### About this exercise
Your job is to print, exactly, the lines in the data below from the line with "Semi-abstract painting of" through the line with "kid playing chinese", both included, and to omit any picture.

#### Records for this task ####

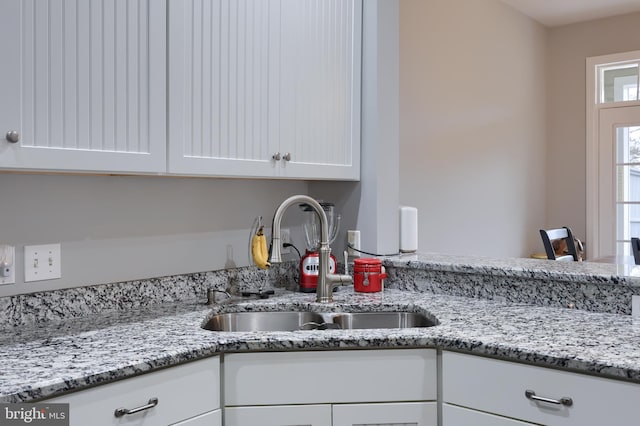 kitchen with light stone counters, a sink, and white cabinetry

####
#### Records for this task ####

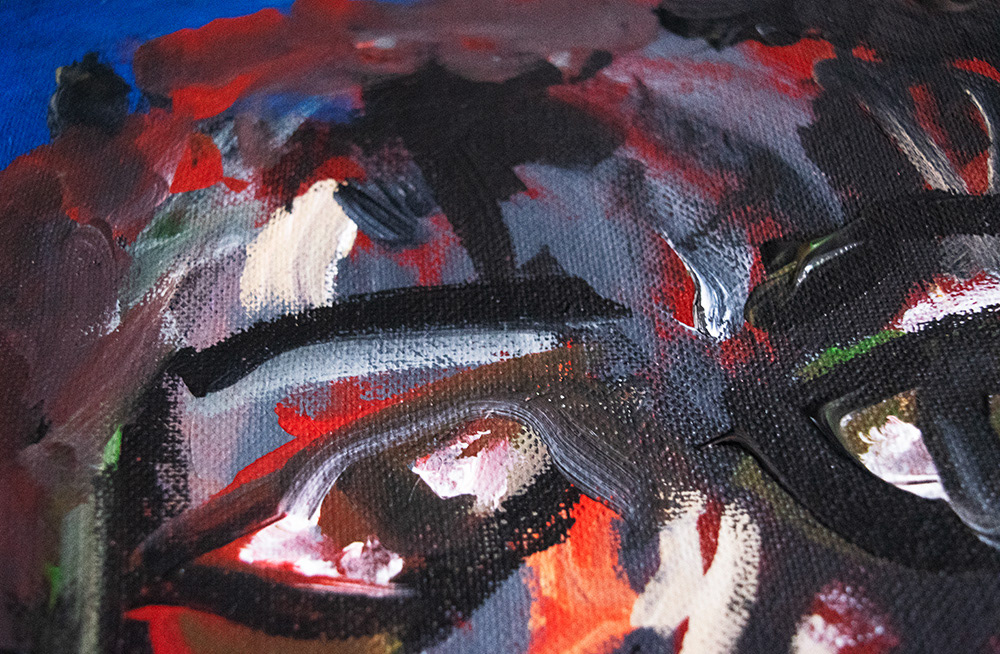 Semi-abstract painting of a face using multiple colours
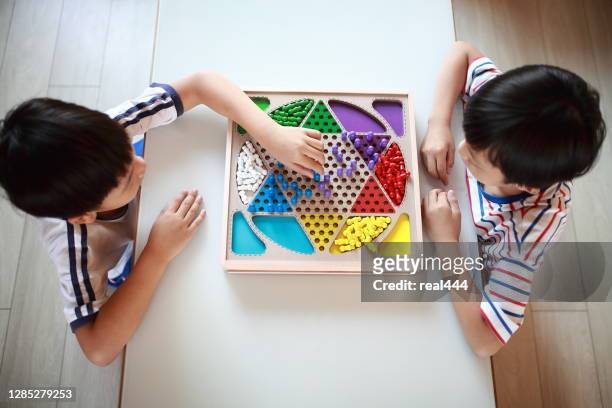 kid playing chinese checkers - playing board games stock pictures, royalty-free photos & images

####
#### Records for this task ####

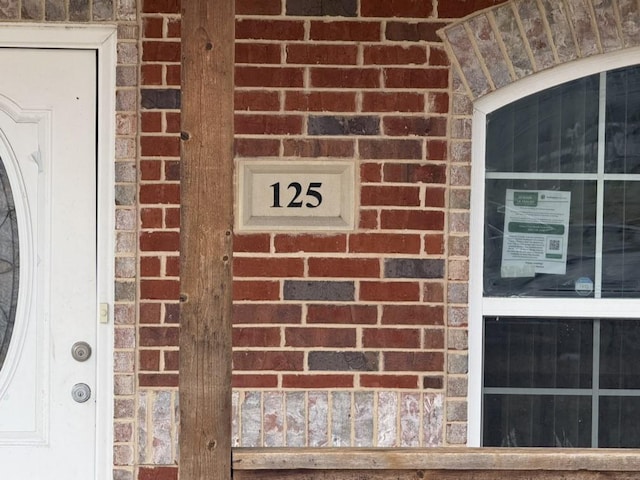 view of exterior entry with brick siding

####

### Written reply
 Semi-abstract painting of a face using multiple colours
 kid playing chinese checkers - playing board games stock pictures, royalty-free photos & images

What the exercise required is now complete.